● PROBLEM TO SOLVE
State how many lines of the records contain the string "Photo". Give the number alone.

-- Opening Marker --

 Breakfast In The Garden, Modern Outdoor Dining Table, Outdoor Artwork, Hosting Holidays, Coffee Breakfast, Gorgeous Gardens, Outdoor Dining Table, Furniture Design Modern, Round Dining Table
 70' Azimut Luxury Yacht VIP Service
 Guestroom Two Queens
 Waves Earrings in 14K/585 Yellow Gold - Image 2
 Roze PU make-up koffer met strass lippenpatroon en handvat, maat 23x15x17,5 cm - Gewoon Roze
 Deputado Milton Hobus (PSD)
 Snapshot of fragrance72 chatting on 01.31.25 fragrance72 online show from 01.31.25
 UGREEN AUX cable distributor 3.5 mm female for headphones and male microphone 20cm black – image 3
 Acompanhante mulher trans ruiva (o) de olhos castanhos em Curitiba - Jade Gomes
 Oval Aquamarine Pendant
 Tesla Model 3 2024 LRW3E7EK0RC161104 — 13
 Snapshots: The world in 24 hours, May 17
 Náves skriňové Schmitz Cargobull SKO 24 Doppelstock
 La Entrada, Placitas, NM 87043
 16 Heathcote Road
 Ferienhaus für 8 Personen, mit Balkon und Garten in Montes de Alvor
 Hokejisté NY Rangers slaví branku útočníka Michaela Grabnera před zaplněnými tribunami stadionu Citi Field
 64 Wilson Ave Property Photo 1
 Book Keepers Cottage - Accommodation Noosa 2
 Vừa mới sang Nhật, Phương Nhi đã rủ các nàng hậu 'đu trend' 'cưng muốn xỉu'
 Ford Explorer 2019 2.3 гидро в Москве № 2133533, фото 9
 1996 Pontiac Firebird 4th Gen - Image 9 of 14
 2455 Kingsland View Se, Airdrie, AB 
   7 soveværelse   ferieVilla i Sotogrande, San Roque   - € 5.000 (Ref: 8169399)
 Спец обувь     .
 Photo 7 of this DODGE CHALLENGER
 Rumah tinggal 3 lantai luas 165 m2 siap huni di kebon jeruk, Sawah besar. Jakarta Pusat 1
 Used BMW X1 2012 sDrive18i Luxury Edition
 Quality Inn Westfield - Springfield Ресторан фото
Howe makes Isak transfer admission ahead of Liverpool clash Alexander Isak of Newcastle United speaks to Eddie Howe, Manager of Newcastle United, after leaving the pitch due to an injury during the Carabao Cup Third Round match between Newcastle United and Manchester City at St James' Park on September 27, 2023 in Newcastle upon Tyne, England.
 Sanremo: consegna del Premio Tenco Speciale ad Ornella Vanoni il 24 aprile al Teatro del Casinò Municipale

-- Closing Marker --

● TASK SOLUTION
2